[ABOUT THIS TASK] Your answer must be a word-for-word copy of the listing below, minus its pictures.

[INPUT DATA]
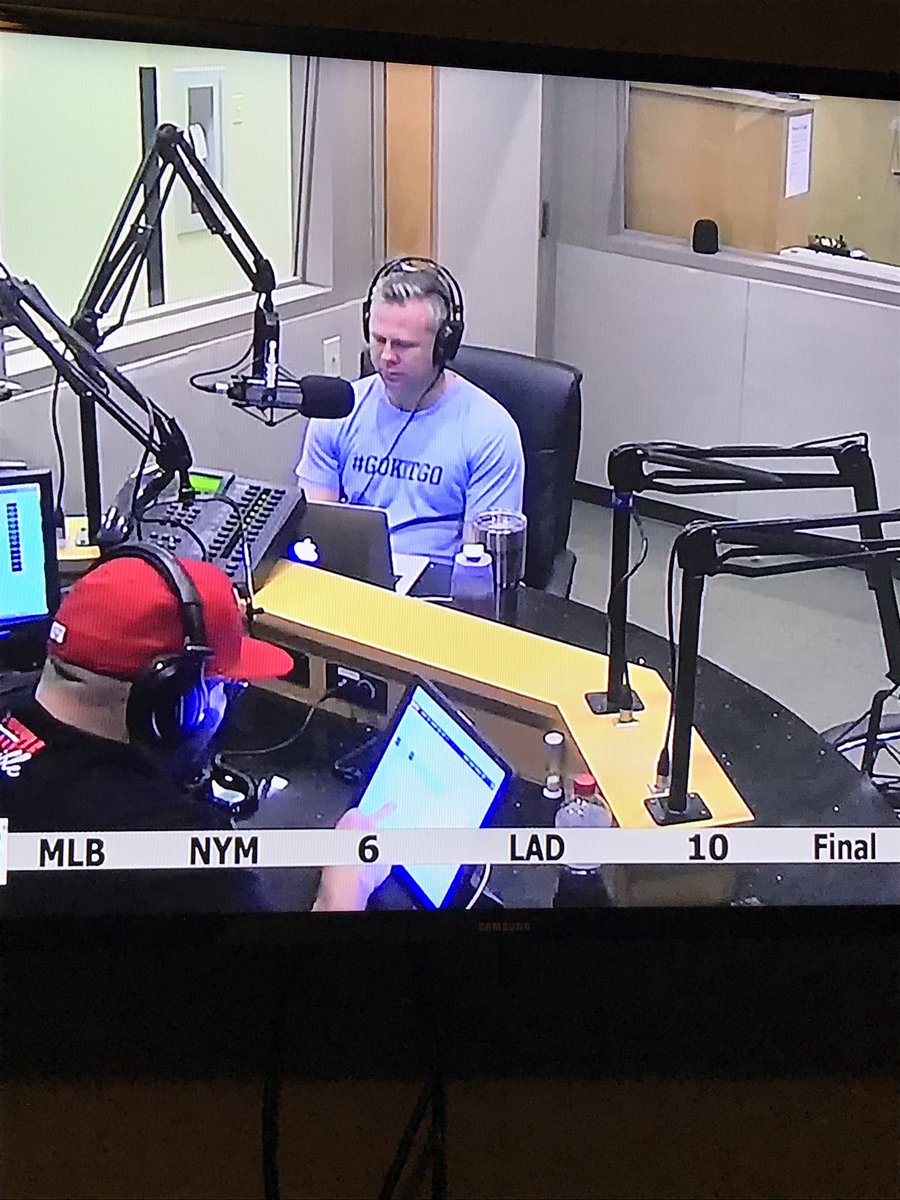 bekfad's tweet image. I love seeing @nate_bukaty sporting his #gokitgo shirt this morning on @810BorderPatrol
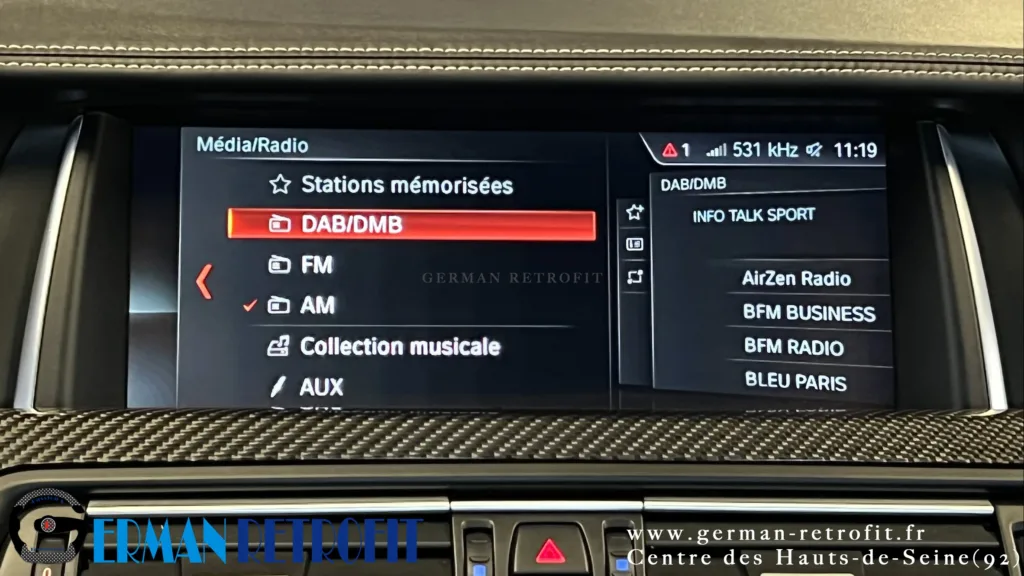 BMW Série 5 F10 M5 S63N de 2016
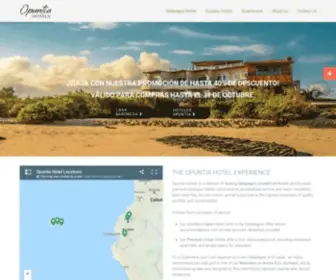 Opuntiahotels.com(Opuntia Hotels) Screenshot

[WRITTEN REPLY]
 bekfad's tweet image. I love seeing @nate_bukaty sporting his #gokitgo shirt this morning on @810BorderPatrol
 BMW Série 5 F10 M5 S63N de 2016
 Opuntiahotels.com(Opuntia Hotels) Screenshot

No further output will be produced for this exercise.